The recent killing of a protected common kestrel—filmed, documented, and widely shared—was not just another wildlife crime. It was something far more disturbing. A bird, already illegally trapped, was then deliberately and repeatedly crushed beneath the person’s foot. It was not hidden. Not accidental. Not ambiguous. It was brutal, visible, undeniable.
And yet, the real question is this: Will justice also be crushed—this time under legal hesitation?
At first glance, the case appears straightforward. The illegal trapping and killing of a protected species are a clear breach of the Conservation of Wild Birds Regulations. That alone should trigger prosecution.
But stopping there would be a mistake. Because what happened in that field was not just a crime against biodiversity—it was a crime against a living animal. And that distinction matters.
Malta’s Animal Welfare Act is often misunderstood in this context. It does not “approve” hunting or trapping. It does not give blanket permission for cruelty. What it does is far more precise. It provides an exemption—but only when such activities are carried out legally and within the framework of other regulations. And that condition is everything.
This was not one offence. It was two. One law protects species.
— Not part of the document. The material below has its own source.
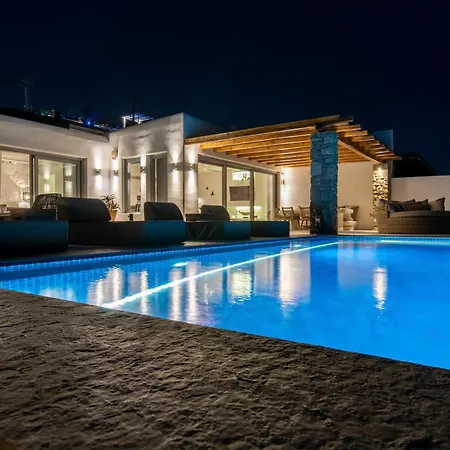 Paoli - Private Pool, Sea View&jacuzzi Mykonos Town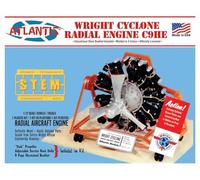 Atlantis Plastic Model Kit-Wright Cyclone 9 Radial Engine STEM -M6052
The other protects the individual animal. One addresses conservation. The other addresses cruelty. They are not duplicates. They are complementary—and they exist precisely for cases like this
The moment an activity falls outside the law—as in this case—the exemption disappears. It collapses entirely. What remains is the full force of the law: A prohibition against unnecessary suffering. And there is no credible argument that repeatedly trampling a bird to death does not constitute unnecessary suffering. Even within the strictest and most controversial interpretations of lawful hunting, such a method would be indefensible.
So we are left with a clear legal reality: This was not one offence. It was two. One law protects species. The other protects the individual animal. One addresses conservation. The other addresses cruelty. They are not duplicates. They are complementary—and they exist precisely for cases like this.
Failing to apply both does more than weaken enforcement. It sends a message. It says that once a wildlife crime is established, the manner of suffering becomes secondary. It suggests that cruelty is somehow absorbed into illegality, rather than standing on its own. And that is not what the law intends.
The law is sharper than that. More deliberate. More capable. And yet, while political voices have largely remained silent—whether out of caution, convenience, or indifference—the responsibility does not end there. It now rests squarely with the Malta Police Force and the prosecuting authorities. They are not tasked with reading the room, nor with measuring public or political appetite. Their duty is to apply the law in full—without hesitation, without dilution, and without selective restraint. Where two laws have been broken, two laws must be enforced. Anything less risks turning clear legal principles into optional ones.
This case is not just about one kestrel. It is about whether the institutions entrusted with upholding the law are willing to use it to its full extent—even when others choose to look away. Because justice is not only about recognising wrongdoing. It is about having the resolve to act on it—completely.